Keywords: brain infarction, genetic diseases, genetic screening, Fabry disease, stroke, X-linked
Fabry disease, due to deficient α-galactosidase A (α-Gal A) activity, is a vascular endothelial glycosphingolipid storage disease that has 2 major subtypes. The classic phenotype typically presents in affected males in childhood or early adolescence with angiokeratoma, acroparesthesias, hypohidrosis, gastrointestinal cramping and diarrhea, and corneal changes. With advancing age, affected males develop renal, cardiac, and cerebrovascular disease and die prematurely in the fourth or fifth decades of life.1 Affected males with the later-onset phenotype do not have the early manifestations of the classic phenotype and present later in life with cardiac and/or renal disease.2,3 In a series of >37 000 Italian newborn males, the incidence of mutations causing classic Fabry disease was approximately one in 37 000, whereas one in approximately 4600 males had mutations predicting the later-onset phenotype.4 Furthermore, screening has identified previously unrecognized α-Gal A deficiency in approximately 0.20% to 1.0% of hemodialysis patients5–8 and in 3% to 4% of patients with left ventricular hypertrophy or hypertrophic cardiomyopathy.3,9–11 This suggests that many patients with the later-onset phenotype Fabry disease are not diagnosed.

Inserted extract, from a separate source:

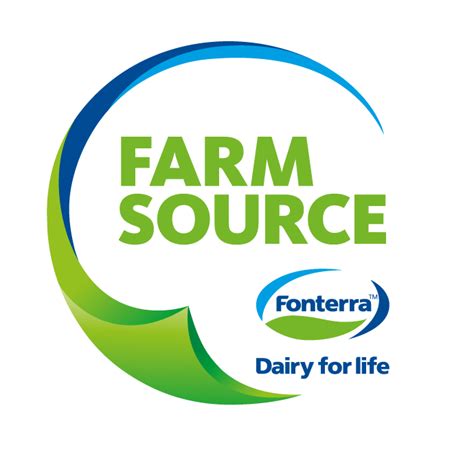farmsource log in.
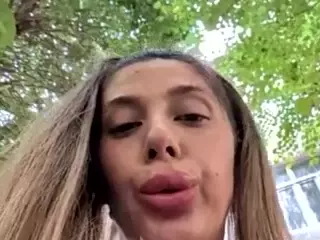 jaklinesexxy's Live Sex Cam Show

Recently, a German study reported previously unrecognized α-Gal A deficiency in 4.9% of 432 young men with initial and recurrent cryptogenic ischemic strokes.12 However, Brouns et al13 in a smaller study of 64 Belgian men with cryptogenic strokes did not identify any patients with α-Gal A deficiency. Thus, the prevalence of unrecognized Fabry disease among young patients with ischemic strokes remains unclear, particularly among patients with first stroke or strokes attributed to other causes. We report our findings on the frequency of undiagnosed Fabry disease in young men presenting with an initial ischemic stroke in a multiracial American population.
Methods
Patient Population
The Stroke Prevention in Young Men Study is a population-based case–control study initiated to examine risk factors for ischemic stroke in young men. Study recruitment and data collection were conducted between 2003 and 2008. Cases were men, aged 15 to 49 years, hospitalized with a first cerebral infarction identified by discharge surveillance from one of 51 hospitals in the greater Baltimore–Washington area and direct referral from regional neurologists. The methods for discharge surveillance, chart abstraction, case adjudication, and assignment of probable and possible underlying causes have been described elsewhere.14,15 Recruitment within 3 years of stroke was required for enrollment of cases. Control subjects were men free of a history of stroke identified by random-digit dialing and were frequency-matched to the cases by age and geographic region of residence.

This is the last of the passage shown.